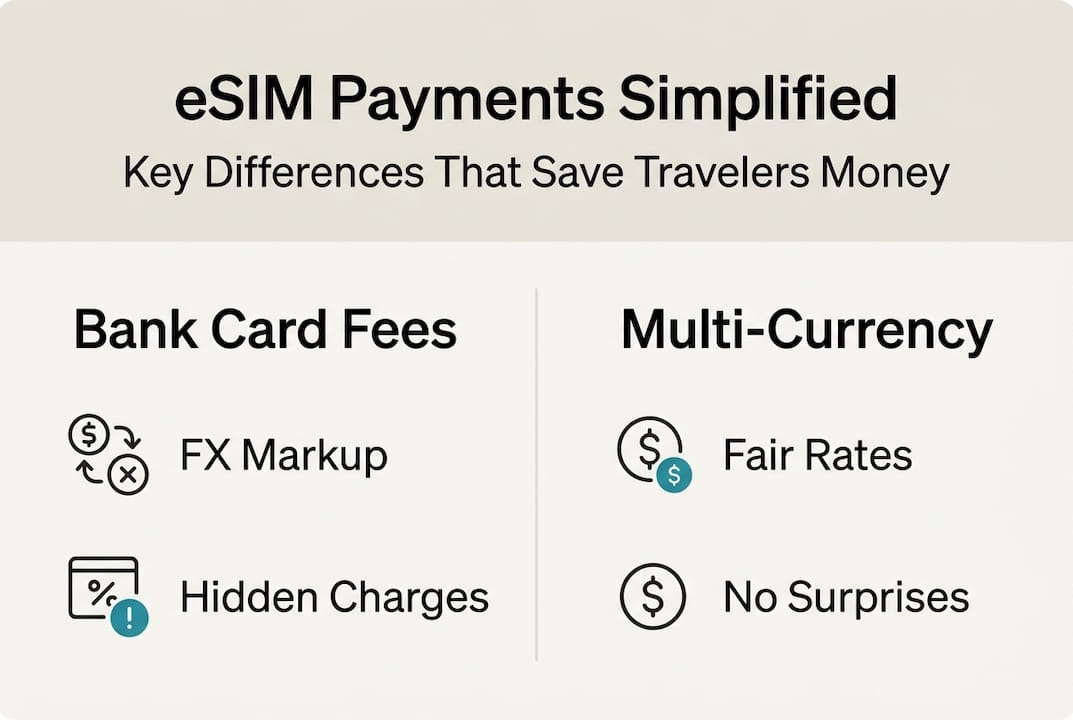 Infographic comparing eSIM payment methods
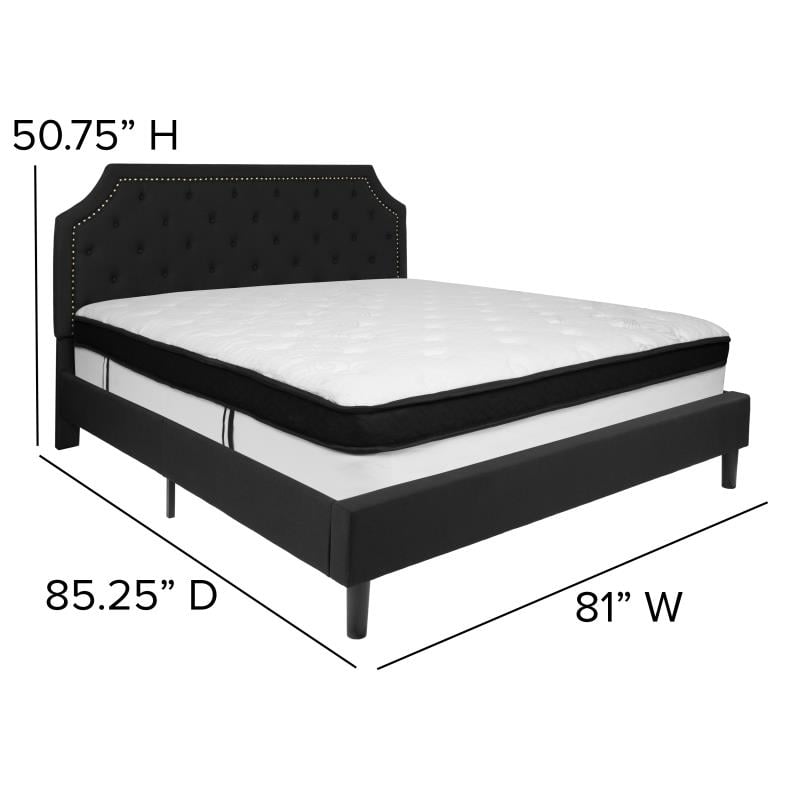 Brighton King Size Tufted Upholstered Platform Bed In Black Fabric With Memory Foam Mattress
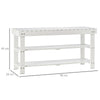 HOMCOM Shoe Bench, 3-Tier Wooden Shoe Rack with Hidden Storage Compartment, Slatted Shelves, Home Storage Unit, Hallway Furniture, White, 90L x 29W x45H cm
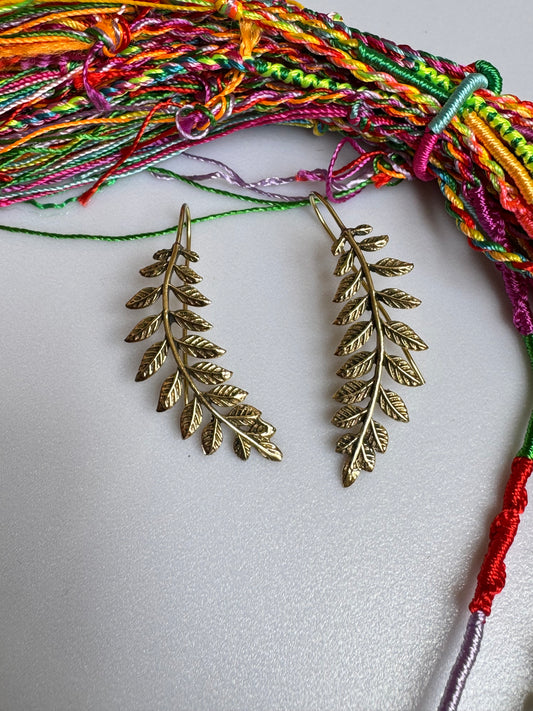 Golden leaves boho earrings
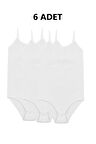 6 Adet İp Askılı Kadın Çıtçıtlı Body Zıbın Siyah Beyaz Gri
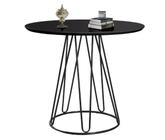 Mesa De Jantar Preta 1,0m Rubi Base Metal Tampo Com Vidro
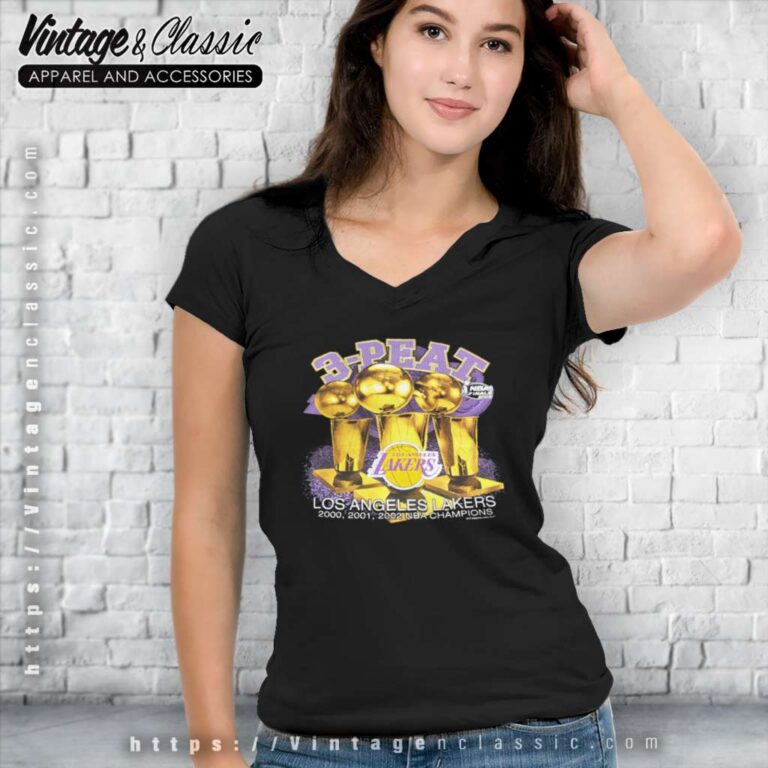Los Angeles Lakers 3 Peat Champions 2002 V Neck TShirt Los Angeles Lakers 3 Peat Champions 2002 V Neck TShirt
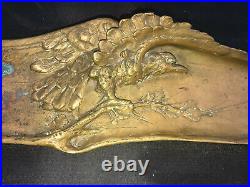 Ancien plumier vide-poche bronze A. Marionnet Art Nouveau -p/plumes aigle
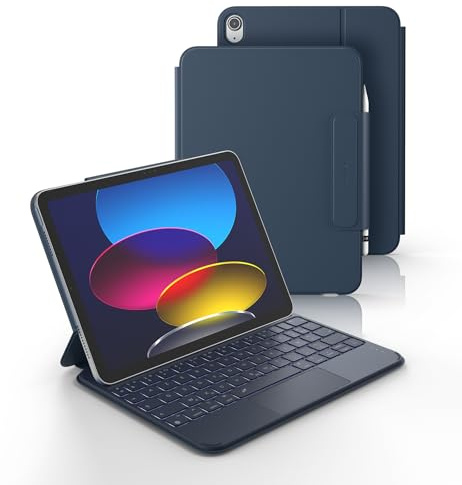 Dexnor Coque Clavier pour iPad 11ème Génération (A16) 11 2025/10ème Génération 10.9 2022, Magnétique Ultra-mince Détachable avec Multi-touch Trackpad Rétro-éclairé Porte Crayon Français AZERTY, Bleu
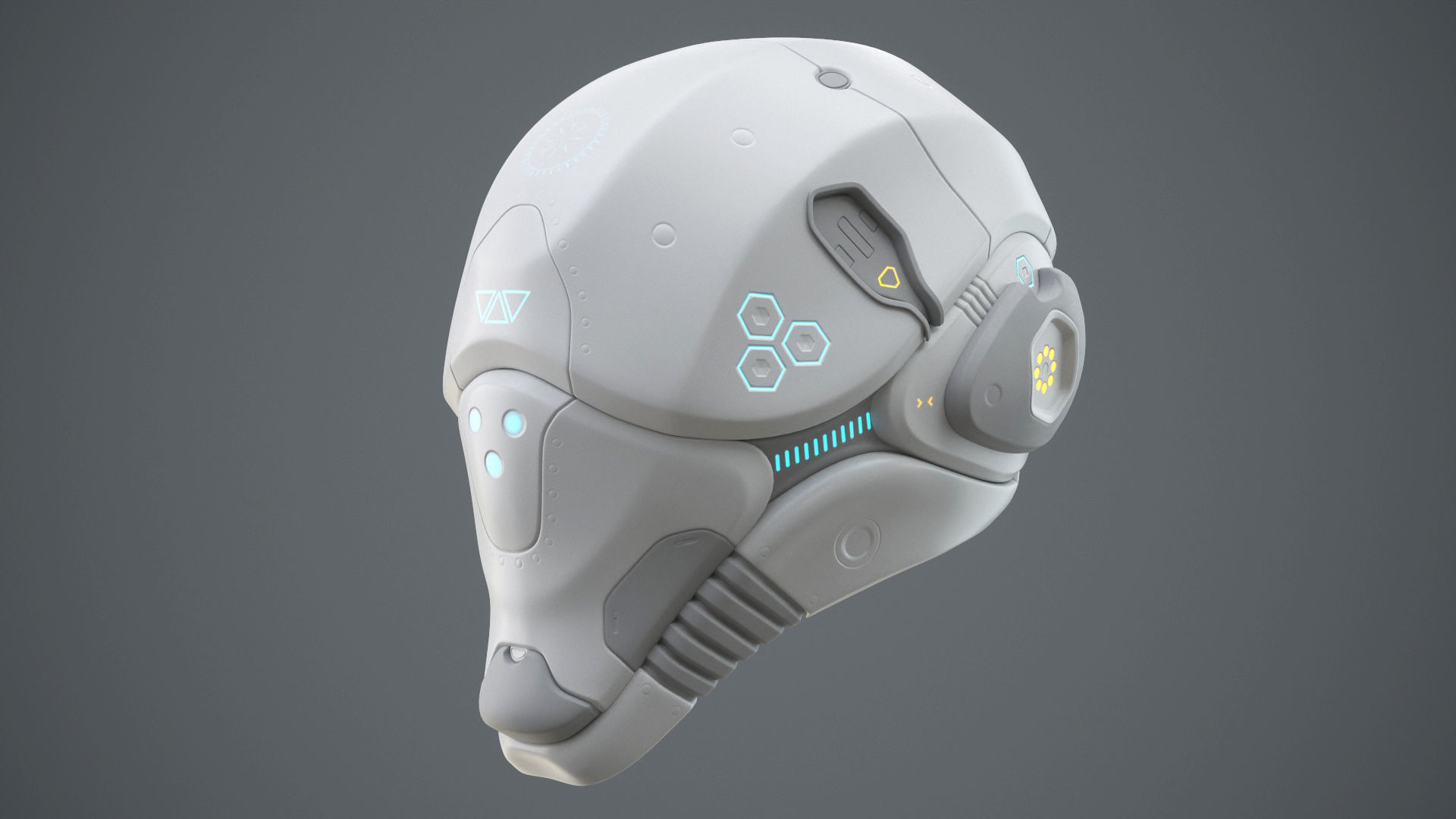 Sci-Fi Helmet 2 Low-poly 3D model_7
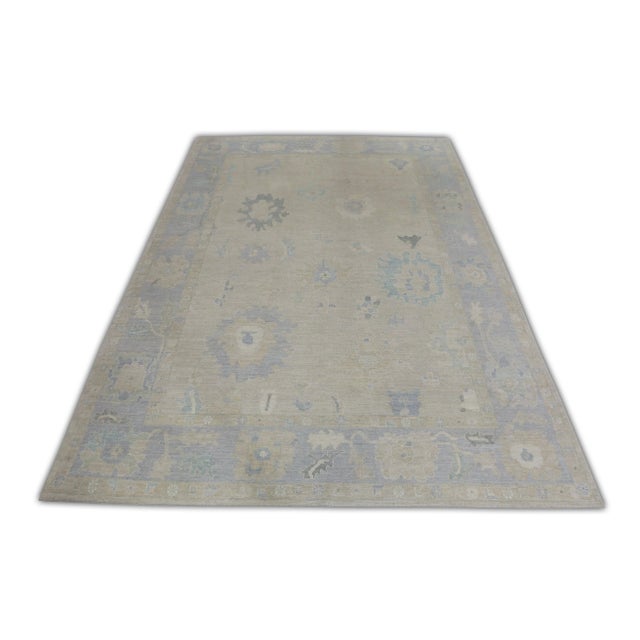 Blue & Beige Handwoven Turkish Oushak Rug 10'3" X 14'4" For Sale In Houston - Image 6 of 7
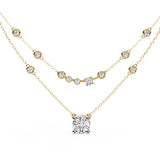 Layered Diamond Solitaire Necklace
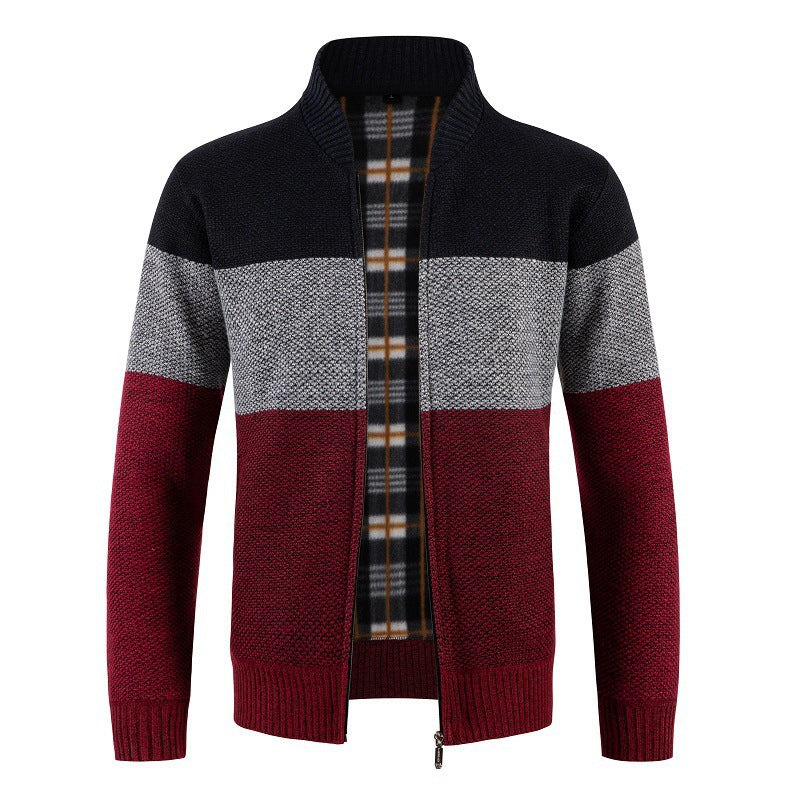 Herren Strickjacke Modern mit Kontraststreifen und Warmem Futter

⁂

**EXERCISE DIRECTIONS:**
Only the lines from the one containing "HOMCOM Shoe Bench, 3-Tier" through the last line of the entries above belong in the copy; reproduce them exactly and drop every picture.

**ANSWER TO THIS PROBLEM:**
 HOMCOM Shoe Bench, 3-Tier Wooden Shoe Rack with Hidden Storage Compartment, Slatted Shelves, Home Storage Unit, Hallway Furniture, White, 90L x 29W x45H cm
 Golden leaves boho earrings
 6 Adet İp Askılı Kadın Çıtçıtlı Body Zıbın Siyah Beyaz Gri
 Mesa De Jantar Preta 1,0m Rubi Base Metal Tampo Com Vidro
Los Angeles Lakers 3 Peat Champions 2002 V Neck TShirt Los Angeles Lakers 3 Peat Champions 2002 V Neck TShirt
 Ancien plumier vide-poche bronze A. Marionnet Art Nouveau -p/plumes aigle
 Dexnor Coque Clavier pour iPad 11ème Génération (A16) 11 2025/10ème Génération 10.9 2022, Magnétique Ultra-mince Détachable avec Multi-touch Trackpad Rétro-éclairé Porte Crayon Français AZERTY, Bleu
 Sci-Fi Helmet 2 Low-poly 3D model_7
 Blue & Beige Handwoven Turkish Oushak Rug 10'3" X 14'4" For Sale In Houston - Image 6 of 7
 Layered Diamond Solitaire Necklace
 Herren Strickjacke Modern mit Kontraststreifen und Warmem Futter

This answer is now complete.